Given no knowledge of the MAC key and that M1 != M2, it is not possible to compute MAC(K, M2) from MAC(K, M1).
More generally, it isn't possible to determine the MAC of any message you haven't already seen. (Again, without the key.) The definition of a nonce is a number which is only used once with a given key.
Bob ensures that nonces are only used once by rejecting requests unless the nonce value Alice submits is strictly increasing.
There are other problems with this protocol. I assume it's meant to be used to authenticate users. No information is transmitted besides what is basically just proof that Alice knows K.
The protocol functions a lot like a one time password scheme and has the same limitations. It doesn't prevent MITM attacks, session hijacking, or server impersonation. It is not a full communication protocol.
Sometimes people comes up with schemes like this to control locks or appliances. It is unsafe to use such a protocol with "toggle" signals. An authentication request could be blocked, leaving a user's device in the state opposite from the state they believe it is in.
It is also possible to combine blocking Alice's requests with a replay attack.
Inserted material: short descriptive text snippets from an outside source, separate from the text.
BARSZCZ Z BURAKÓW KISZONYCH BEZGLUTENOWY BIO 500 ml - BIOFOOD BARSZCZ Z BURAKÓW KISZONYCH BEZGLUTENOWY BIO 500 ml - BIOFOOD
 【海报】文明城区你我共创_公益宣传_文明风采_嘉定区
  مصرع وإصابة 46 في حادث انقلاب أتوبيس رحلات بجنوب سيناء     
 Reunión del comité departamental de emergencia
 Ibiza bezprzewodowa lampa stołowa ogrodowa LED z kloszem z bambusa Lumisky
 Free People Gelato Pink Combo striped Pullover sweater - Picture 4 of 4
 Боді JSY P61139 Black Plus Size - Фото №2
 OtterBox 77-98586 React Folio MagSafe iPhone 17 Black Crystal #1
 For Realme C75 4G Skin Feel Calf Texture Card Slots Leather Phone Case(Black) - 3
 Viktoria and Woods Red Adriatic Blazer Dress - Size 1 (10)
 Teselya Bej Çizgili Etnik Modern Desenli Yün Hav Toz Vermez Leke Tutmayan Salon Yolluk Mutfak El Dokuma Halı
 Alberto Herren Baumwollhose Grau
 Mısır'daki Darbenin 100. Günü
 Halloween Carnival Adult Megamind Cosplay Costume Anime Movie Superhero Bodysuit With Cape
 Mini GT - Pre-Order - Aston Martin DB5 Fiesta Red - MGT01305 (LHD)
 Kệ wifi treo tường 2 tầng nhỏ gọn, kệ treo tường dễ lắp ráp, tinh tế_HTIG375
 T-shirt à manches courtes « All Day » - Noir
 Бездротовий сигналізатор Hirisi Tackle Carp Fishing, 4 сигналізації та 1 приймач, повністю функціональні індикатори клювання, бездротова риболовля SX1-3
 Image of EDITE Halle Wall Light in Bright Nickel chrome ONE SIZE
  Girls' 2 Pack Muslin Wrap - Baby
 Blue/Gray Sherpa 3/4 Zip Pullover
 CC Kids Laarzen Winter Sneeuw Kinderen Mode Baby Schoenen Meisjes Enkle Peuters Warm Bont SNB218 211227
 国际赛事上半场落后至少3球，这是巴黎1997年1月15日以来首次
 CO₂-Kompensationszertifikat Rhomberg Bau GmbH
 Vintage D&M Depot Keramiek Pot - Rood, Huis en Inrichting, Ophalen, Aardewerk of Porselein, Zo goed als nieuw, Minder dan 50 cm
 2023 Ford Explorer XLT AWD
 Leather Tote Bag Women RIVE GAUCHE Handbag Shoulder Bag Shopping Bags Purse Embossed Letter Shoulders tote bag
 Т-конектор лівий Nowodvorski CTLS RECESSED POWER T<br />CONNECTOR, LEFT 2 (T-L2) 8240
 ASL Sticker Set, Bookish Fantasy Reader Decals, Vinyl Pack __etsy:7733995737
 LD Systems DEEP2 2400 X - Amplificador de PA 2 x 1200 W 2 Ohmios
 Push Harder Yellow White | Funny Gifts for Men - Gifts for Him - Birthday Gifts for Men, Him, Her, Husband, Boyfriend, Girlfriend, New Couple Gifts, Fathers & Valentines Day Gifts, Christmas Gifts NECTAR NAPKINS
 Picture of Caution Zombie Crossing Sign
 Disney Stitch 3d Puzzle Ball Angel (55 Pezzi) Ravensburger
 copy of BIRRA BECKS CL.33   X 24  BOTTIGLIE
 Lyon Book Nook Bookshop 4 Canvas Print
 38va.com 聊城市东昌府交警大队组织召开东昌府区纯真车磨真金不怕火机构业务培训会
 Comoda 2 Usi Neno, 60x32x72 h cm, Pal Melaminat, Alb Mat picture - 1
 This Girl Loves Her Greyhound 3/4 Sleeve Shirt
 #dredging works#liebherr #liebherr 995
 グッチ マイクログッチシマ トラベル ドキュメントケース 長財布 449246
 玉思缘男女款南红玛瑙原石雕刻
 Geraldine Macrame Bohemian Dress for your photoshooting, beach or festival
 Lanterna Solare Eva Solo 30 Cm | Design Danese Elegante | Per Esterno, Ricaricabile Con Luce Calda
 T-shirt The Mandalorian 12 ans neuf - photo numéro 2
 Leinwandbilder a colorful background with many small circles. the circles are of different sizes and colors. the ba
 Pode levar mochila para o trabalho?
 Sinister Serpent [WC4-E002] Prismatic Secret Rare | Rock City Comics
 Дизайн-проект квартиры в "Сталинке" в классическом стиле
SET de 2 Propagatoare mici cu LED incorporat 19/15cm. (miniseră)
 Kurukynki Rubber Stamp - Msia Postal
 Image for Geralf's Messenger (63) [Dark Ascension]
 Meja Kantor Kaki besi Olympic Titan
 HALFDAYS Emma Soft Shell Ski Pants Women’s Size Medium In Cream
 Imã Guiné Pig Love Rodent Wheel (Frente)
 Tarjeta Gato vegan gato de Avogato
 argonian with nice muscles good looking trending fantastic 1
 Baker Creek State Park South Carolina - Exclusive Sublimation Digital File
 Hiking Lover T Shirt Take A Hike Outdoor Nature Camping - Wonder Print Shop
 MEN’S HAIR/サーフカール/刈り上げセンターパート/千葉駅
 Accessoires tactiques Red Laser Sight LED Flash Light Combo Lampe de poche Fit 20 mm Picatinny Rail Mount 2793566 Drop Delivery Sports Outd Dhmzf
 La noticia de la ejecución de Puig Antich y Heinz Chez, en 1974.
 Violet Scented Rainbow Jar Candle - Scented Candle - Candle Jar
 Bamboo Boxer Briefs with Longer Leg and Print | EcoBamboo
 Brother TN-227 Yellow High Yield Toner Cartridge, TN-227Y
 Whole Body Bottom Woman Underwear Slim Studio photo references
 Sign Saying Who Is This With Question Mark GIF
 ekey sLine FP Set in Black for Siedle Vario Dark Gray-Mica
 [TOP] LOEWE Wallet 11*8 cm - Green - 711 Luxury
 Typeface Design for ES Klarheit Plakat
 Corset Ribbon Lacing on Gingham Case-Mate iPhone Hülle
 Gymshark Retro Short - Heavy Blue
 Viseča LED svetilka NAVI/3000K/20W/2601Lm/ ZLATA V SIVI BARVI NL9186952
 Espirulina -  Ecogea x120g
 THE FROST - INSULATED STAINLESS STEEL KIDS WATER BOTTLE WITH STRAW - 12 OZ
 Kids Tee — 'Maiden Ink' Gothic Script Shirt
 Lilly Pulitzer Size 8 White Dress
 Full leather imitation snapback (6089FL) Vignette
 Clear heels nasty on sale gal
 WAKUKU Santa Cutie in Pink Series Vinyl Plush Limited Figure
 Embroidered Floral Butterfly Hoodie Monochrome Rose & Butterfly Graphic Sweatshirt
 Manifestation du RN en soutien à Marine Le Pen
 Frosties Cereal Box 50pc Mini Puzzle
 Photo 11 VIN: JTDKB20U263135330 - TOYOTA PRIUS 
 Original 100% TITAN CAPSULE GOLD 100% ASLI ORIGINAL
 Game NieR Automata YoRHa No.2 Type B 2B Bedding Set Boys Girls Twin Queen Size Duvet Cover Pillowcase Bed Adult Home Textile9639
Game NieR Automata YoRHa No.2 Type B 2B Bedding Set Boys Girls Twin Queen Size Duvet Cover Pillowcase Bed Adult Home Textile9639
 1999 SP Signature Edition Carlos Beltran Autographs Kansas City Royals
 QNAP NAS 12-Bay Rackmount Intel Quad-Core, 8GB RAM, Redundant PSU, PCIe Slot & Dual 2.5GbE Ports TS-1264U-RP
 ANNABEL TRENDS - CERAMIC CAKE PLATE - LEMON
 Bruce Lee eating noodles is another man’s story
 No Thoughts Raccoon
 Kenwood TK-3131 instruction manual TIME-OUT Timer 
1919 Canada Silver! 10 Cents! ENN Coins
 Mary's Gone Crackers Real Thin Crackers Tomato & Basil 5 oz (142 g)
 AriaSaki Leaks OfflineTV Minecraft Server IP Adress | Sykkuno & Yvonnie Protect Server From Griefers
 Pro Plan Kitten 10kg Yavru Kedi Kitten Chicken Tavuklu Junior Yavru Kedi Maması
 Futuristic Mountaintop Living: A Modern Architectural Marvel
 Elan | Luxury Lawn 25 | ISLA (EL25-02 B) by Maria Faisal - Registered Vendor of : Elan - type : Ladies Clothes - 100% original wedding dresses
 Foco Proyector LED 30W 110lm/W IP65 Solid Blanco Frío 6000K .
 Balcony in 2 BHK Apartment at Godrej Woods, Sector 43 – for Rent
One could block Alice's request to engage a lock, trespass, then play back Alice's message to make it look like the lock was engaged the whole time.
Delayed playback can be solved by Alice instead sending MACK(NA || timestamp). (As long as Alice and Bob have trusted synchronized clocks.) An acknowledgment message could allow Bob to tell Alice that the command was received. The ack would needs its own authentication tag, otherwise it could be spoofed.